TASK TO COMPLETE
Only the lines from the top of the records below through the line containing "狼友8x8x中国浙江-新昌大佛寺旅游风景区" should be printed, exactly and without pictures.

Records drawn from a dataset

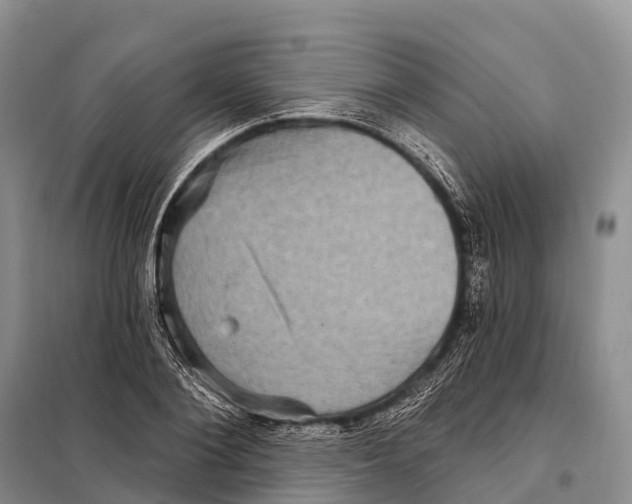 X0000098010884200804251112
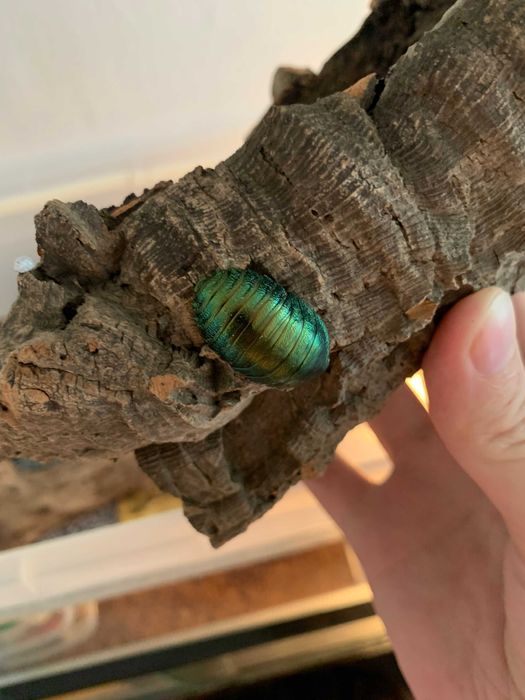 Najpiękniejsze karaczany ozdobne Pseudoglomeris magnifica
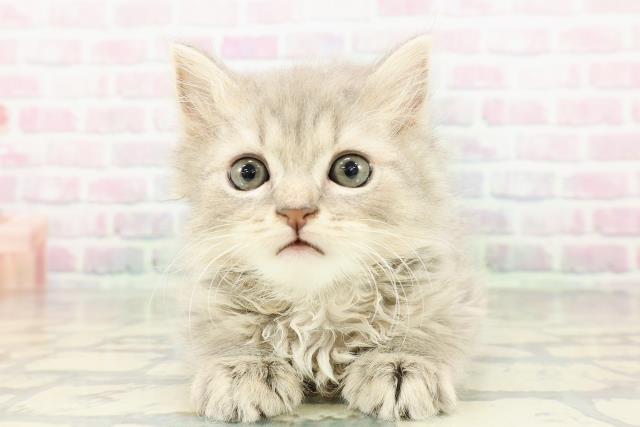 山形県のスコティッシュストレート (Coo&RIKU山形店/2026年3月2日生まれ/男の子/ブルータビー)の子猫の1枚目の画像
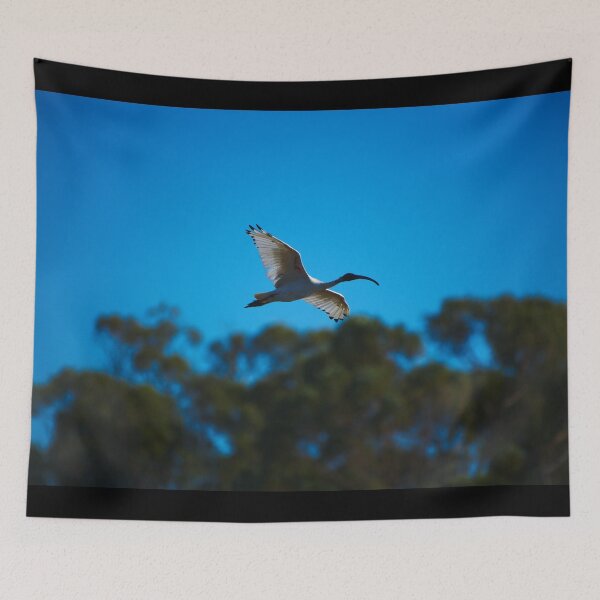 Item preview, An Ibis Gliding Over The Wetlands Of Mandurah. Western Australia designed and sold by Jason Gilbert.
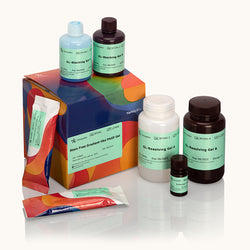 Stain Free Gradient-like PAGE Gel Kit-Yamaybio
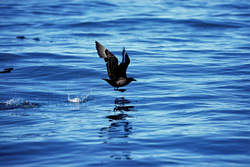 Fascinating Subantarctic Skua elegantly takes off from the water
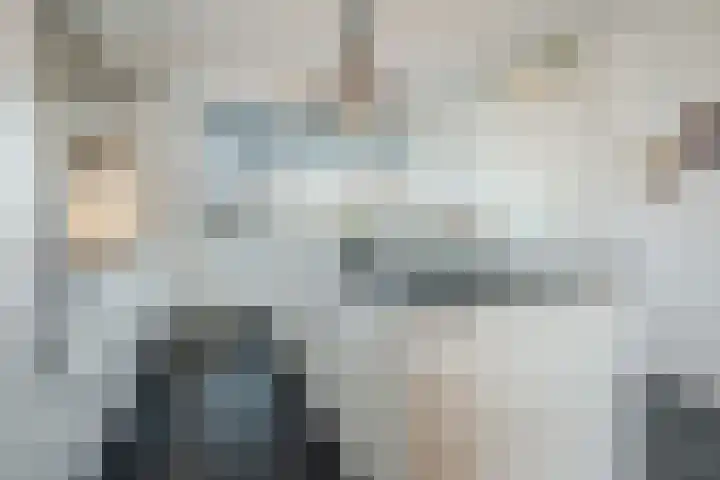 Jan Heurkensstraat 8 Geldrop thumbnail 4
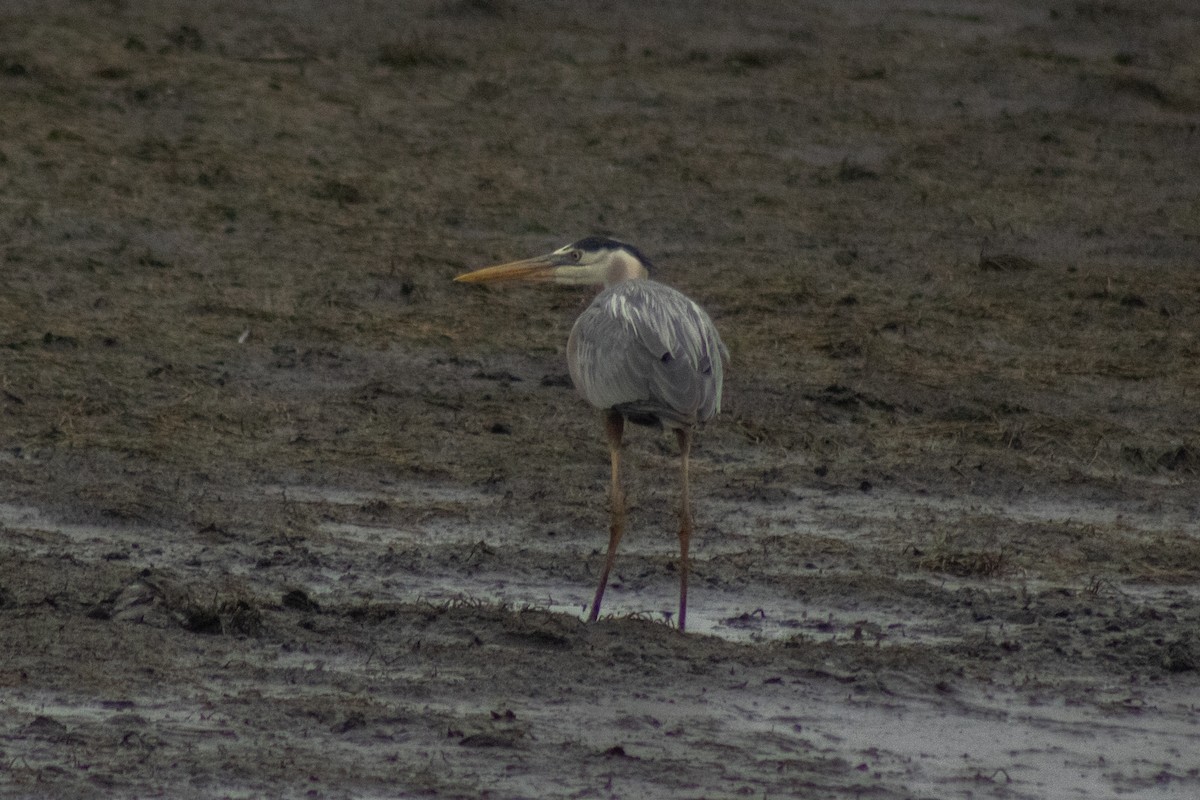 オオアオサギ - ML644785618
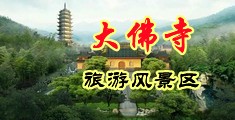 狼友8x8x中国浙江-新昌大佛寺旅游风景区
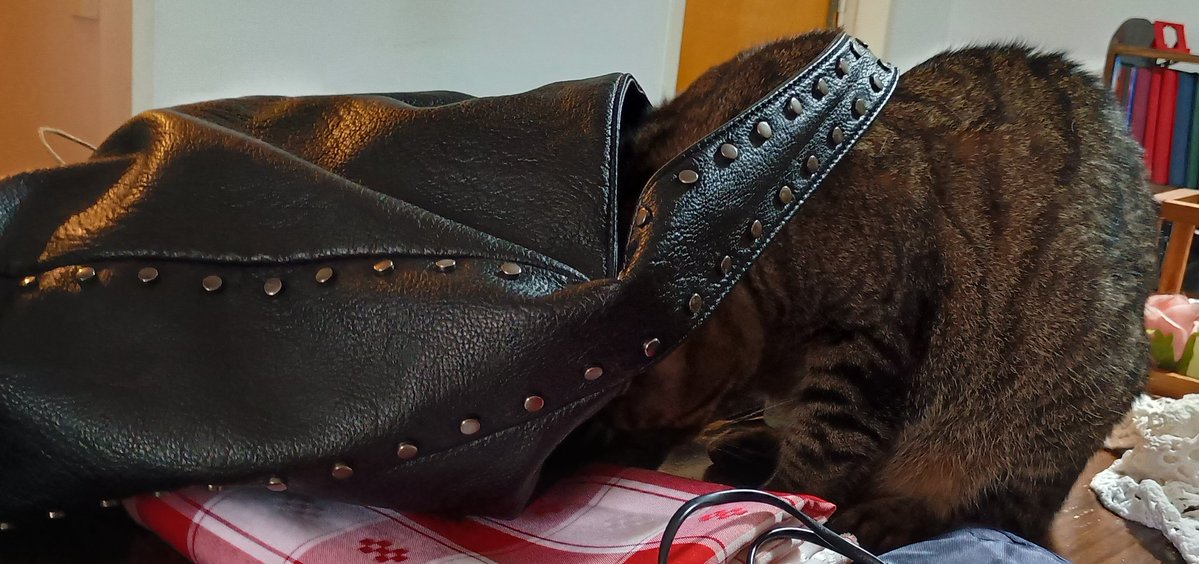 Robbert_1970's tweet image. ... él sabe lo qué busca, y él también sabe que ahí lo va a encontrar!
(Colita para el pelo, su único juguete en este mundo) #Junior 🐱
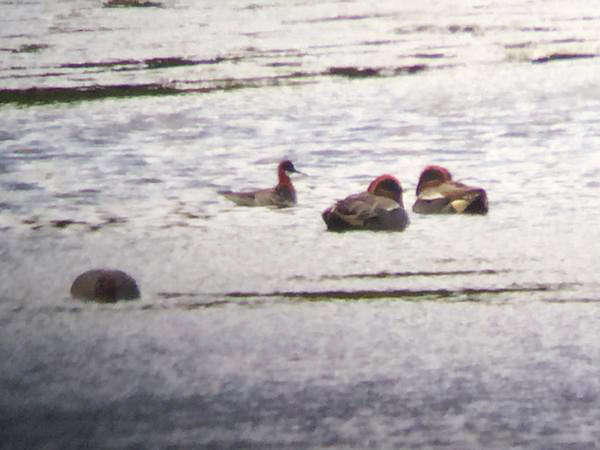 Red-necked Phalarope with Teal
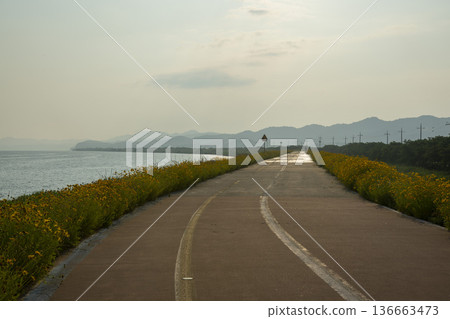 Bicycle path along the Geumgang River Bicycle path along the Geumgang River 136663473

ANSWER FOR THIS EXERCISE
 X0000098010884200804251112
 Najpiękniejsze karaczany ozdobne Pseudoglomeris magnifica
 山形県のスコティッシュストレート (Coo&RIKU山形店/2026年3月2日生まれ/男の子/ブルータビー)の子猫の1枚目の画像
 Item preview, An Ibis Gliding Over The Wetlands Of Mandurah. Western Australia designed and sold by Jason Gilbert.
 Stain Free Gradient-like PAGE Gel Kit-Yamaybio
 Fascinating Subantarctic Skua elegantly takes off from the water
 Jan Heurkensstraat 8 Geldrop thumbnail 4
 オオアオサギ - ML644785618
 狼友8x8x中国浙江-新昌大佛寺旅游风景区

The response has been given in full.